The publication is reproduced in full below:
NEW LEGISLATIVE PROCESS A BREATH OF FRESH AIR
The SPEAKER pro tempore. The Chair recognizes the gentleman from Oregon (Mr. Blumenauer) for 5 minutes.
Mr. BLUMENAUER. Madam Speaker, we are hearing a lot here on Capitol Hill about Otto von Bismarck's old sausage metaphor, that one doesn't want to watch either sausage or legislation being made. Well, for too long, Madam Speaker, the legislative process in this House was a scene right out of Upton Sinclair's graphic novel, ``The Jungle.''
But currently with a new Congress and new Administration I would say that it has been a breath of fresh air watching this legislative process. It has been open. The ingredients have been great. The legislative leadership, the new President and his administrative team, have been involved, talking with people in both parties, in both chambers, and we are moving towards a package that I think people ought to embrace enthusiastically.

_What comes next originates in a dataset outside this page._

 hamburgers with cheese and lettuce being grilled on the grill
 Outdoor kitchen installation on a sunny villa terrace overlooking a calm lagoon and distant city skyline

The economic stimulus is moving into stage II, almost the home stretch. We are putting down positions, principles and guidelines. Any timetable at this juncture is perhaps artificial in nature. The target figure of $825 billion or $800 billion or $850 billion is a little arbitrary and subject to amendment, to adjustment. Such parameters are useful, maybe necessary. They are not set in stone, and it is necessary that we do this right. What we can agree upon is to make the economic impact as soon as possible while we help rebuild and renew America to make it better.
I am concerned as the process moves forward, particularly as it relates to the infrastructure portion, that we make sure that the money gets to where it needs to go.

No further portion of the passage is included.